Thursday, 18 de April de 2024 ISSN 1519-7670 - Ano 24 - nº 1284

Os sofistas do capital

MÍDIA & MILITÂNCIA

Marcelo Salles (*)

Creio que o ser humano tem uma tendência natural em acreditar naquilo que ouve, vê ou lê, sem conhecimento prévio do tema em questão. Assim, é mais do que esperado o surgimento de doutrinadores e, num plano maior, dos sofistas do capital, ou seja, da mídia grande enquanto "formadora de opinião".

Nesta semana que passou, fui convidado para uma reunião do PT, pois o tema da última edição do programa que apresento na TV universitária foi justamente uma análise do governo Lula e do comportamento da mídia ao longo desses cinco meses.

Inicialmente recusei o convite, pois acreditava que uma reunião às vésperas do programa com pessoas ligadas ao partido seria inútil, pertencessem elas a que corrente fosse. Simplesmente porque teríamos acesso apenas a uma visão parcial, talvez até maniqueísta, o que vai contra a proposta do programa. Entretanto, após muita insistência da equipe, concordei em ir, com o propósito de tudo ouvir, e nada comentar.

Lá chegando, um rapaz iniciou a reunião dizendo: "Bem, estamos com o prazo de filiação estourado, mas acho que vocês ainda podem conseguir se fizerem o pedido hoje". Alerta laranja. O que terá feito aquele rapaz pensar que eu queria me filiar ao PT? Dando continuidade a sua exposição inicial, notei que aquele discurso era bem o que eu esperava: maniqueísmo puro.

Confesso que resisti enquanto pude, mas quando o rapaz disse que os "radicais" deveriam ser punidos por terem divulgado um vídeo que falava mal do presidente (ele usou exatamente essa frase) e como ele não parasse de falar, senti-me obrigado a levantar o dedo e pedir a palavra. Levantei o dedo duas, três vezes. E nada. Alerta vermelho. O rapaz continuava falando como se o mundo inteiro estivesse ouvindo.

Então, depois de ouvir em silêncio aquela retórica por 30 minutos ininterruptos, resolvi perguntar: como o vídeo podia falar mal do presidente, se era o próprio presidente quem falava nesse vídeo?

Estranha mania

Como resultado, fui expulso da reunião, numa atitude autoritária que parece estar em voga no atual governo. Algo como discordou, criticou, enxergou um pouco diferente, está fora.

Neste caso específico, o rapaz ficou aborrecido porque, além de eu ter atrapalhado sua tentativa de manipular minha equipe, percebeu que aquilo não funcionaria comigo. Entretanto, num plano mais amplo, a censura velada que existe na mídia grande exerce a mesma função. Ou o jornalista se enquadra à ideologia dominante, ou é sumariamente excluído da jogada.

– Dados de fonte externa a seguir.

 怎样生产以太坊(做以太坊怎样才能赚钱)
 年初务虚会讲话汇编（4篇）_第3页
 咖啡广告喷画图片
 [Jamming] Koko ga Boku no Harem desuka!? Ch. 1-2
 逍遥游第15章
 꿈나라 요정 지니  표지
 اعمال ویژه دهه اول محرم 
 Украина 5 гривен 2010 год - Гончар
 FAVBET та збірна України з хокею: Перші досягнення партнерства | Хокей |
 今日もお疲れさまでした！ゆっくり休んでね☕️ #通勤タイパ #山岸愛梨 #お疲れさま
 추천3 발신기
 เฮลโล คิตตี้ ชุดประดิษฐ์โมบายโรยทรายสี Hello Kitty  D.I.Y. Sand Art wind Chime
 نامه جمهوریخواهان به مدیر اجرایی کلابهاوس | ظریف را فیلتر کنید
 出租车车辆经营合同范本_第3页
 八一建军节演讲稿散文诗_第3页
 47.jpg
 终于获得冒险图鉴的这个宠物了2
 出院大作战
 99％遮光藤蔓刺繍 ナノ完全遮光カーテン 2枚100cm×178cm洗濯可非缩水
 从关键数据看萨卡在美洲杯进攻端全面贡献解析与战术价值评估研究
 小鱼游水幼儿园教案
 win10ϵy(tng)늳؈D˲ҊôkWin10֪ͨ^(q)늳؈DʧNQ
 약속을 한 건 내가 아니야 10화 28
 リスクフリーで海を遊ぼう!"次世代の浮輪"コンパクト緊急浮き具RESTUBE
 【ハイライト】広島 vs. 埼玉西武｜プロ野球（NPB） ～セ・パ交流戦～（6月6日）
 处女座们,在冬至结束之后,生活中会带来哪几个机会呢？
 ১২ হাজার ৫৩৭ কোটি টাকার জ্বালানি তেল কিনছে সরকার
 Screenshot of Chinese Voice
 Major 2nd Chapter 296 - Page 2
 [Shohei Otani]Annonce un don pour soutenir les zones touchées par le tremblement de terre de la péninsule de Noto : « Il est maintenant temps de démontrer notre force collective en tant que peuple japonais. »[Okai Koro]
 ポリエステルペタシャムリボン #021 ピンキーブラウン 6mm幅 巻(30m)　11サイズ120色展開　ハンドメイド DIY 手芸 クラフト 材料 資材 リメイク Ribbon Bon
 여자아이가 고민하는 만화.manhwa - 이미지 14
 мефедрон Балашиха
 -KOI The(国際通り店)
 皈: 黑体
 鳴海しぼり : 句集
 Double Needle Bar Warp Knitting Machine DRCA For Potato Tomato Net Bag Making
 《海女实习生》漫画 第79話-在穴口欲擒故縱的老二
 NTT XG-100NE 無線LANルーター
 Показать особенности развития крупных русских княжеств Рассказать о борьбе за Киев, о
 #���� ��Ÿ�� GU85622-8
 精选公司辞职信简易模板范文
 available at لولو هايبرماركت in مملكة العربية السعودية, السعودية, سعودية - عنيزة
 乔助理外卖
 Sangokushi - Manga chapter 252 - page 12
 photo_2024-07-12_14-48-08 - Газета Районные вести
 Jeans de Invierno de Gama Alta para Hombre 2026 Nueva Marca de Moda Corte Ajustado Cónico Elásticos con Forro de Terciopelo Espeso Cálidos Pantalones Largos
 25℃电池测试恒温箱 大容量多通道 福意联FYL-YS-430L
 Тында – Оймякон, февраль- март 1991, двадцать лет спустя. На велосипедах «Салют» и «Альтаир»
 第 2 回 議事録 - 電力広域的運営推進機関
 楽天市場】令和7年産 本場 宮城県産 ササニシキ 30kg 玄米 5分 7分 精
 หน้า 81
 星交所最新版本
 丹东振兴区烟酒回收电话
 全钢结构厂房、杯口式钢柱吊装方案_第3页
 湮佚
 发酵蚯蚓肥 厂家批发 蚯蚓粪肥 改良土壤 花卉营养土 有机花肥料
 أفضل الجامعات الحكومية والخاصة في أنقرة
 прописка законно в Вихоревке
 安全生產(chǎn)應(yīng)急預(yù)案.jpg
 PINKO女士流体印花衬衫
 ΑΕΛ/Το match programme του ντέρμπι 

A entrevista concedida por Lula a jornalistas e publicada no jornal O Globo, no dia 28/5, é um exemplo elucidativo desta questão que aqui proponho. A impressão que tive, ao término de sua leitura, foi a de estar diante de uma peça publicitária. Até a dieta do presidente foi elogiada em rasgados adjetivos assinados por Helena Chagas. A idéia ficou bem clara: mostrar um Lula tranqüilo e inabalável, justamente no momento de desequilíbrio de seu governo e seu partido.

O autoritarismo do atual governo preocupa, mas não chega a impressionar. Lula foi enfático: "Para os radicais, a porta da rua". Em outras palavras, poderíamos dizer que o presidente do país, ao propor a expulsão dos "radicais", não está preocupado em resolver os problemas atacando suas raízes (afinal, radical vem de raiz).

Os sofistas do capital, imersos e ocultos na mídia grande, produzem suas retóricas não informativas, mas autoconfirmativas, como bem assinalou o professor Muniz Sodré, em edição recente deste Observatório. Por isso mesmo é que o senso crítico não pode faltar ao menor contato com qualquer tipo de mídia. Até porque, após intensa atuação dos doutrinadores, são poucos os que ainda conseguem enxergar a mensagem além do explícito proposto em uma ou outra manchete.

Afinal, as pessoas, em geral, têm a estranha mania de crer na boa fé das corporações midiáticas.